University of Wisconsin-Madison law student Ben Levey examined how complicit lawyers and judges were in Nazi atrocities at a fellowship in Germany and Poland that provided a historical lens to study contemporary ethics.
“Obviously, laws and our legal systems aren’t inherently just,” he said, “but to see that they can be actively used for evil in that way, that fascists would think it fitting and appropriate to do this under the cover of law, it was really interesting.”
Levey, whose Fox Point family belongs to Congregation Shalom, spent two intensive weeks in Germany and Poland, visiting Auschwitz and other Holocaust sites, and participating in rigorous seminars led by ethics experts and historians in several fields.
Since 2009, The Fellowships at Auschwitz for the Study of Professional Ethics has offered professional development to students and early career professionals pursuing degrees in law, business, journalism, medicine, seminary and design and technology.
“They did a good job of finding people who are interested and skilled at having these difficult conversations and who care deeply about historical issues,” Levy said.
Levey, 27, returned on June 10, 2022, with many takeaways, one being “the importance of working collectively with others because there’s not a lot that any one person probably could have done to resist the Nazis. You need collective action, working with other lawyers and people in other fields to address structural issues.”
Levey plans to work with refugees seeking asylum after he completes law school in two years. For two and a half years, he worked at HIAS headquarters, in Maryland; the refugee resettlement agency is closely linked with the American Jewish community.
The Auschwitz fellowship frequently touched on modern-day controversies, he said. “Something that came up was America’s legacy of anti-Black racism and how Berlin in particular does a really good job of telling the history of the Nazi years in public spaces and how America often fails to do that.”
Following his fellowship, Levey interned at the ACLU of Wisconsin where he worked on civil rights in the schools. There’s a movement across the country and in Wisconsin school districts to ban LGBTQ books from school libraries or restrict access to them.
“On the fellowship, we went to the site of the first big book burning in Berlin and (censorship in America) was very much top of mind.”
The fellowship had a deep effect on his Jewish identity. “I’ve never felt so Jewish as I did on that trip. I really felt community and support among the other Jews who were there.”
Levey recalled attending Shabbat services on a Friday night in Krakow. “I was the first person in my family to celebrate and observe Shabbat in Poland in probably a hundred years. It felt really, really meaningful, but it also felt fraught and complicated because there just aren’t many Jews left in Poland and there was such a richness and diversity in the Jewish community before the Holocaust.”
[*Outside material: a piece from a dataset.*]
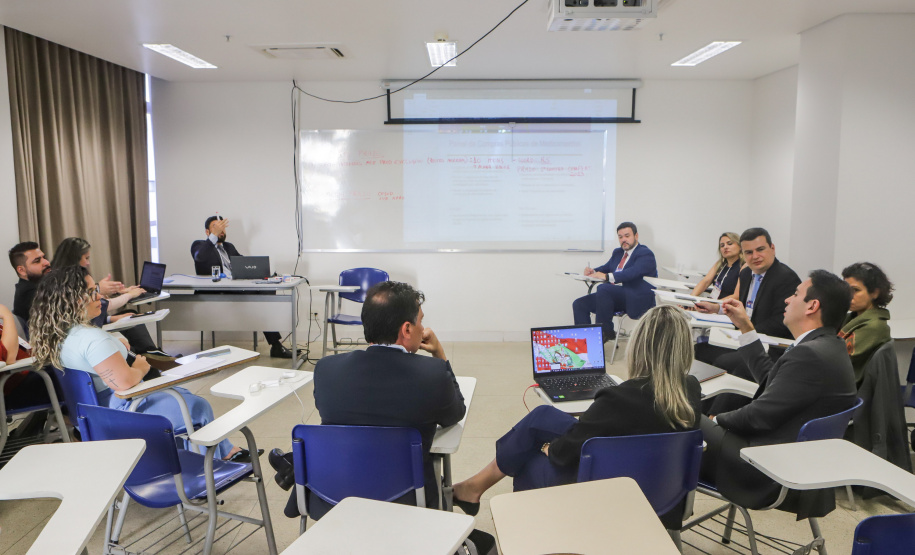 GRUPOS TÉCNICOS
The experience gave him “a much stronger sense of the history of the Holocaust and how it happened. It was not inevitable by any means. I also learned the importance of memorialization.”
Witnessing Auschwitz was deeply disturbing. “I was on this trip for the specific intellectual process of learning how this unfolded and talking about history and thinking about ethics. Then you have an experience (Auschwitz) and all that kind of recedes. For me, it’s just overwhelming despair and sadness.
“I got a much richer understanding of what was lost and of Jewish history. I think I got connected with my family story in a deeper way.”